### Entries provided
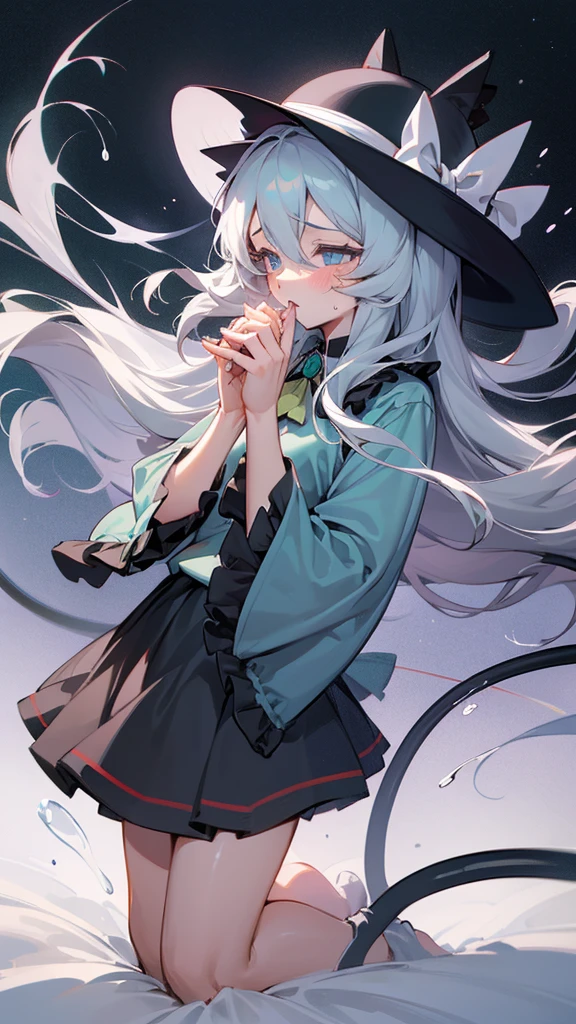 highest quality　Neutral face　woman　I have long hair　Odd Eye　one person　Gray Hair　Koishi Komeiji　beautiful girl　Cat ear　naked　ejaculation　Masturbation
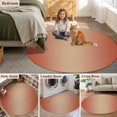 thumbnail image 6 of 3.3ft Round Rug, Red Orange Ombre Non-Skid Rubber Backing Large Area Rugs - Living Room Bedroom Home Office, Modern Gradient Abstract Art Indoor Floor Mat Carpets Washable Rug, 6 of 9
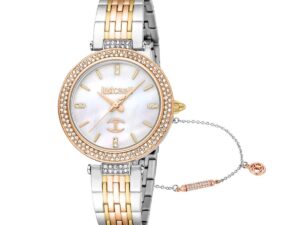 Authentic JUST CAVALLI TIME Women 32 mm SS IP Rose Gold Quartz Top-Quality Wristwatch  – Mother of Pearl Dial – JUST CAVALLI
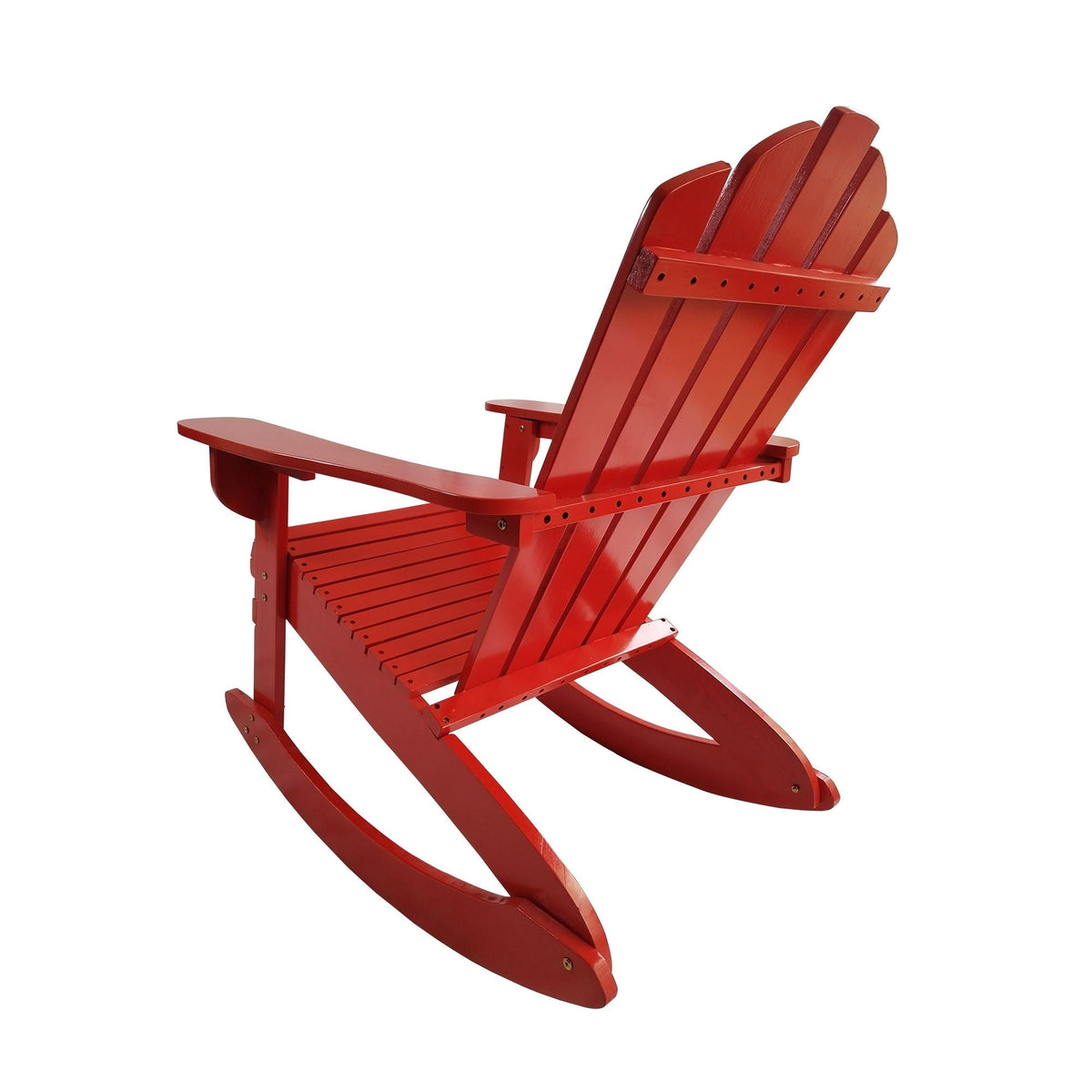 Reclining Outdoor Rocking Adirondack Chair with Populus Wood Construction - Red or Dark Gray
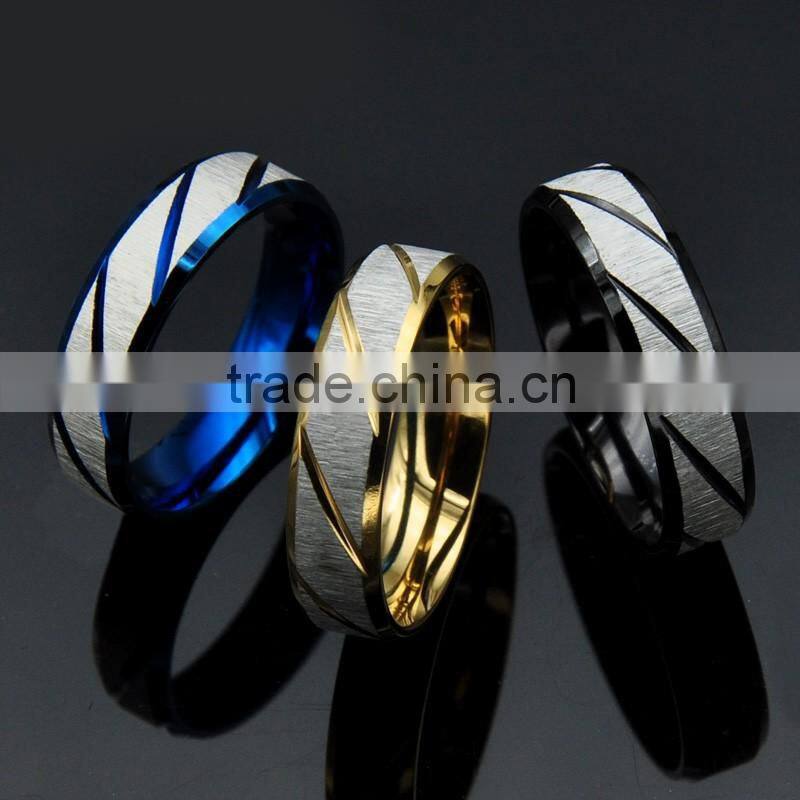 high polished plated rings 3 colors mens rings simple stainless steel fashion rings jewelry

### Work item
Beginning at the line that contains "thumbnail image 6", give the remaining lines of the records again exactly, through the last one. Leave out pictures.

### Task answer
 thumbnail image 6 of 3.3ft Round Rug, Red Orange Ombre Non-Skid Rubber Backing Large Area Rugs - Living Room Bedroom Home Office, Modern Gradient Abstract Art Indoor Floor Mat Carpets Washable Rug, 6 of 9
 Authentic JUST CAVALLI TIME Women 32 mm SS IP Rose Gold Quartz Top-Quality Wristwatch  – Mother of Pearl Dial – JUST CAVALLI
 Reclining Outdoor Rocking Adirondack Chair with Populus Wood Construction - Red or Dark Gray
 high polished plated rings 3 colors mens rings simple stainless steel fashion rings jewelry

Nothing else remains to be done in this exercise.